Document Contains Immense Term — Field Value Exceeds Maximum Length
The Error
You're trying to index a document and Solr throws this at you:
java.lang.IllegalArgumentException: Document contains at least one immense term in field="your_field_name" (whose UTF8 encoding is longer than the max length 32766), all of which were skipped. Please correct the analyzer to not produce such terms.
This means a single term (token) in one of your fields exceeds 32,766 bytes — the hard limit imposed by Lucene's inverted index format. Lucene literally cannot store a term that large, so the document gets rejected.
What's Actually Happening
When Solr indexes text, it breaks it into tokens (terms) using your analyzer chain. Each token becomes an entry in the inverted index, and Lucene caps each entry at 32,766 bytes of UTF-8.
The problem is: if your field type does not tokenize the input (or barely tokenizes it), the entire field value is treated as a single giant term.
Common Causes
1. Using a string Field Type for Long Text
This is the number one cause. The string field type (solr.StrField) stores the entire value as a single token — no analysis, no tokenization. It's designed for short, exact-match values like IDs, tags, or status codes.

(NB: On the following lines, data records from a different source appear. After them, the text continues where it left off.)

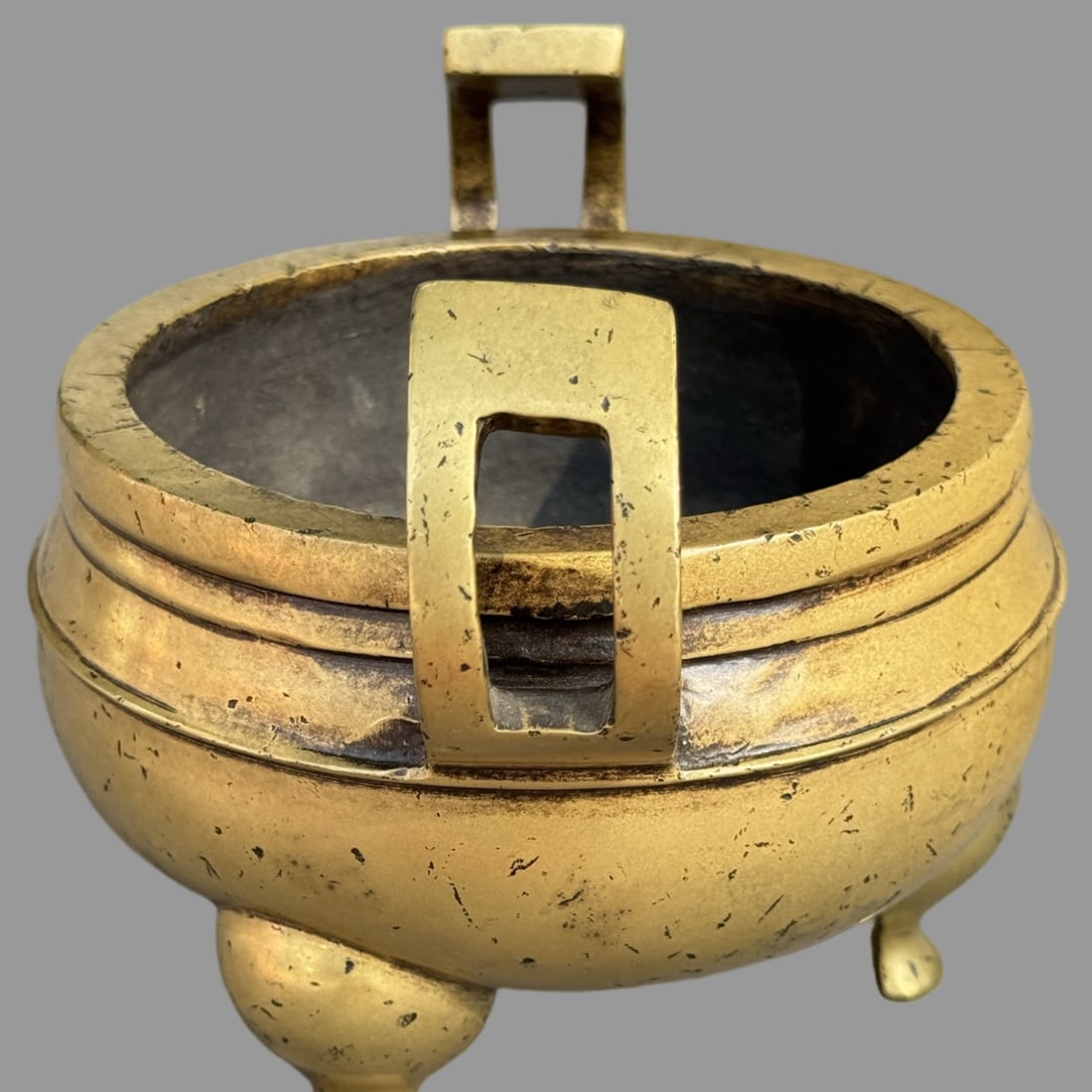 A Exquisite Official Hat Copper Censer - 2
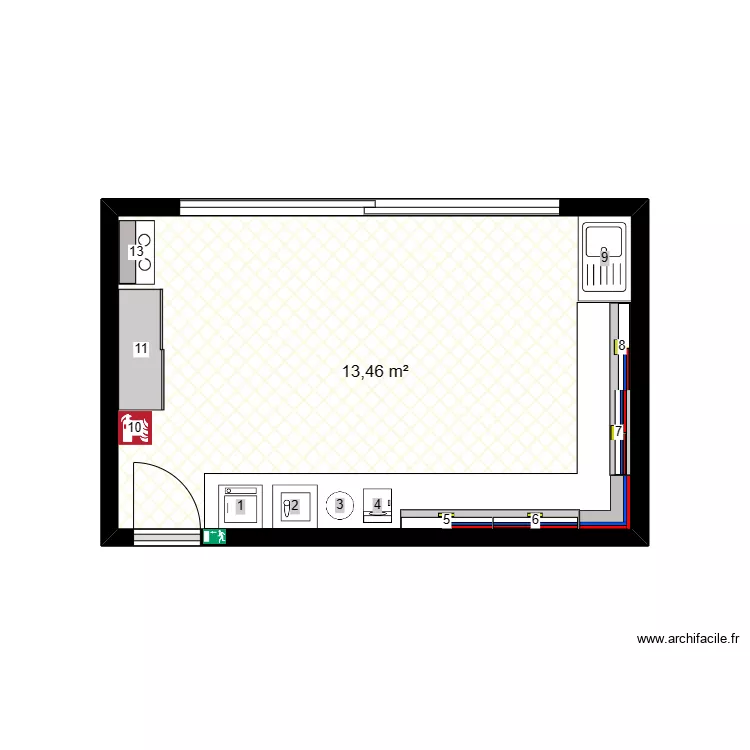 laboratorio. Plano de 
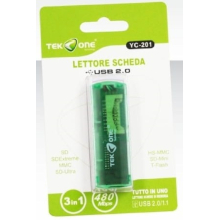 LETTORE DI SCHEDE TUTTO IN UNO USB 2.0 YC-201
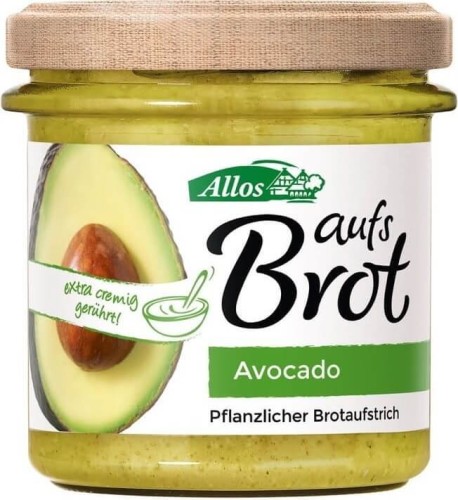 AVOCADO CREAM PASTE GLUTEN-FREE BIO 140 g - ALLOS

If you accidentally assign a string type to a field that receives full HTML pages, article bodies, or concatenated text, you'll hit the limit fast.
<!-- ❌ This will break on large content --> <field name="sm_aggregated_field" type="string" indexed="true" stored="true"/>
2. A KeywordTokenizer with No Further Processing
The KeywordTokenizer treats the entire input as one token — same problem as string, just wrapped in a field type definition.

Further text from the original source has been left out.